As many of you know, we took Max to our new pediatrician in Flagstaff a couple weeks ago because he had been having a low-grade fever and a couple other minor symptoms that we figured were worth checking out. After our first appointment, everything looked good and it seemed as if Max was simply teething again (we'll get to that later). After another few days of lingering symptoms, we went in for a second visit and a few more followup tests. During this visit, Emily (the Wonder Mom) noticed that Max had developed a weird white spot in the back of his throat. If it were not for Emily spotting this, who knows how long it would have gone unnoticed. Our pediatrician wasn't sure what this spot was, but thought it may be a case of Thrush and we started treating as such. We discussed this with our team and decided this was the best initial course of action and we would follow up in a few days since we were going to be down in Phoenix for an appointment with the hematologist for Max's increasing anemia.
A few days later, we met with said hematologist and started Max on a triple dose of iron supplements to combat his severe anemia-the severity was a surprise to us because we thought his iron deficiency was subtle, not an actual problem that required immediate intervention. During that appointment, the hematologist also took a look at Max's throat and said that this mystery it was definitely NOT thrush, but he wasn't sure what was going on and wanted us to see an ear, nose, and throat specialist as soon as possible. The spot had grown a bit from the previous week and slightly changed its coloring, which is never something you want to see. We met with the transplant team and did a number of initial swabs and tests to attempt to diagnose the new development. Everyone agreed that we needed to see an additional specialist and we made made plans to do so.
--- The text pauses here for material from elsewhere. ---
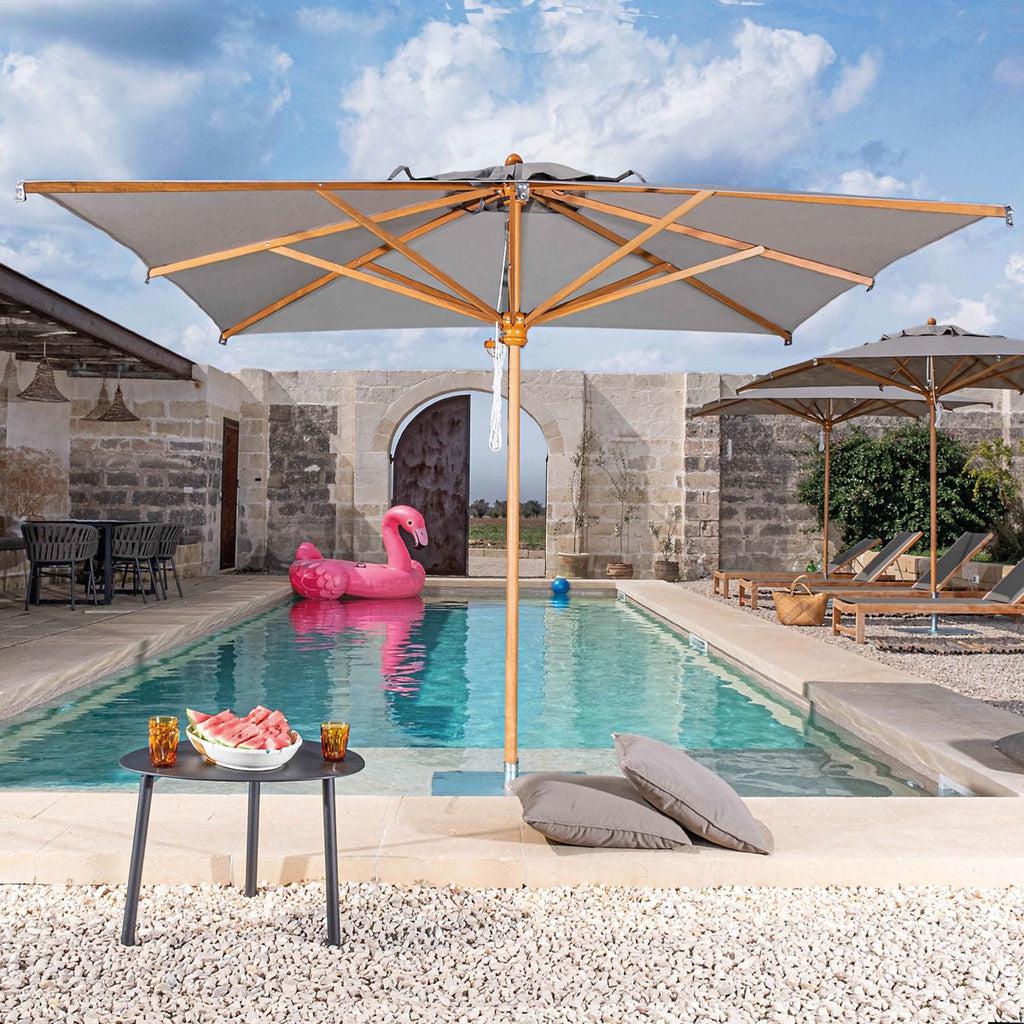 Parasoll Palladio firkantet | Midtstilt stang i tre-Parasoller-Scolaro-2x2-Natur-Med volanger-Kvalitetstid AS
Our initial appointment with the ENT was short wherein he decided that we needed to biopsy this lesion because he was not sure what it was by looking at it (which has been the trend this entire week. This lesion/ulcer/spot/growth looks like nothing specific, but it also could be a sign of various things). The procedure itself went well and Max did well, like usual. The ENT sent the specimen to pathology and Max as admitted to the CVICU once again for monitoring and to help combat his growth stagnation, which is another issue that has been ongoing that may or may not be related to everything else that is going on. We thought we were going to be released from the hospital yesterday, but since no one knows exactly what is going on as of yet, Max's lead physician wanted to keep him here for additional monitoring and to have him here in case pathology discovers something.
The first round of testing was inconclusive and all of the surface swabs came back negative for any type of virus. The swaps showed a bit of bacterial growth, but this is to be expected with any mouth swab. We met with an infectious disease specialist, but he also could only tell us what it wasn't, not what it was. He doesn't think it is a virus, but he said it could easily be some type of fungus or mold infection, now this is rare, but possible. We won't know more until the second round of pathological testing comes back, which will not be until Monday at the earliest (since pathology doesn't work on the weekend, because we all know that medical issues take breaks over the weekend just like everyone else). A number of the stage two tests take a few days because they require cultures and petri growth, so there is nothing we can do to speed up those in-depth studies.
Without further testing, there is no definitive way to say what Max is dealing with. He has no other "sick" symptoms (other than no weight gain), which can be taken as a good sign. Plus he has been his usual happy, hungry self. This lesion could easily be a mouth wound gone array, or it could be a condition known as PTLD (Posttransplant lymphoproliferative disease). The latter is a precursor to lymphoma and is a condition that is the result of rampant production of B-cells as the direct result of a suppressed immune system. Lesions similar to the one Max is dealing with is a potential sign of PTLD. Now we obviously really hope it isn't PTLD and don't think it is since Max has no other related symptoms, but it is always a possibility with any transplant patient. PTLD is generally treatable, but that is a road we do not want to have to go down. Max has been through enough in his 9 months of life, so we hope this is something easily treatable or altogether benign.
Until the tests come back, we are stuck in the hospital, which is a bit frustrating, especially because we all know how well weekends go int he CVICU with the skeleton crew. We have had a number of issues already, especially with getting medications on time and a few other things. However, Max is a trooper like always and seems to be enjoying all the cuddle time. We will try and distract ourselves with football tomorrow and hope for good news on Monday. We can't wait to get back home, especially since we only brought down a a few things for what we thought was going to be an overnight stay.
We will update on Monday, but until then, we will be chilling in the CVICU for now.